The Wobblies (documentary)

The 1979 documentary film The Wobblies provides an overview of the rise and fall of the IWW (Industrial Workers of the World), complete with archival footage, loads of interviews, Wobbly art and songs.

Submitted by working class … on March 16, 2012

This 1979 documentary established a new, primary-research modus for historical nonfiction—no narrator, no authorial perspective, just original documents and witnesses—but its subject matter was, and still is, its most radical characteristic. By the ’70s American culture had been made to forget that the Industrial Workers of the World had ever existed, just as in the century’s first decades the segregated union utopia was condemned, brutalized, legislated against, campaigned against, and demonized. Today, things haven’t changed much—Deborah Shaffer and Stewart Bird’s film stands among a scant handful of books detailing the labor movement’s astonishing power and growth, its newspapers and songs and sheer membership, as well as the sickening history of suppression, murder, and criminal injustice that was brought to bear upon it. (Don’t forget Warren Beatty’s Reds, shot around the same time and with several of the same elderly survivors.) American high schoolers should have to see it to graduate, but then so much of what they’re taught would evaporate as a consequence. Released with new interviews and old anthems, and alongside nine other classic docs in the “Docurama Film Festival I.

review via - http://blogs.ubc.ca/ross/2010/10/the-wobblies-1979-documentary/

The Wobblies (Full Documentary) from Libcom Dot Org on Vimeo.

Comments

fnbrill

12 years ago

In reply to by libcom.org

Submitted by fnbrill on March 16, 2012

Actually the movie was highly manipulative and represents the makers trotskyist perspective.

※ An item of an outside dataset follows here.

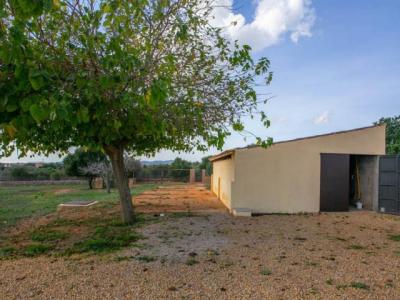 PORTOCRISTO: Gepflegte Landfinca mit Ferienvermietungslizenz für 8 Personen (nur VK)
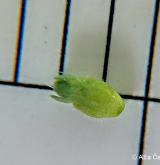 nepatrnec drobnoplodý <i>(Aphanes australis)</i> / Plod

For example Minnie Corder, the Lawrence, MA striker is edited asking something like "what ever happened to the IWW" but she was sitting on the IWW executive board at the time of the interview. All the old timers I knew who were interviewed loathed the film and hated the filmakers for their manipulations.

Juan Conatz

12 years ago

In reply to by libcom.org

Submitted by Juan Conatz on March 16, 2012

I'm glad the film was done and it's been about 4-5 years since I've seen this, but I remember it not even acknowledging the continued existence of the IWW. Now at that time, they were pretty small (I'm assuming anywhere from 200-700 members) but as this book shows, they were involved in strikes at the time.

I didn't know about what fnbrill said, that's messed up.

fnbrill

12 years ago

In reply to by libcom.org

Submitted by fnbrill on March 16, 2012

OK, looks like I'm wrong about Minnie Corder, she's not in the film. I do remember allot of hard feelings about the film from within the IWW. Especially some of the editing of interviews. I'll try and ask some of the older-timers than me about and get the story straight.

wojtek

12 years ago

In reply to by libcom.org

Submitted by wojtek on March 16, 2012

WCSO, ya still going book recommendations?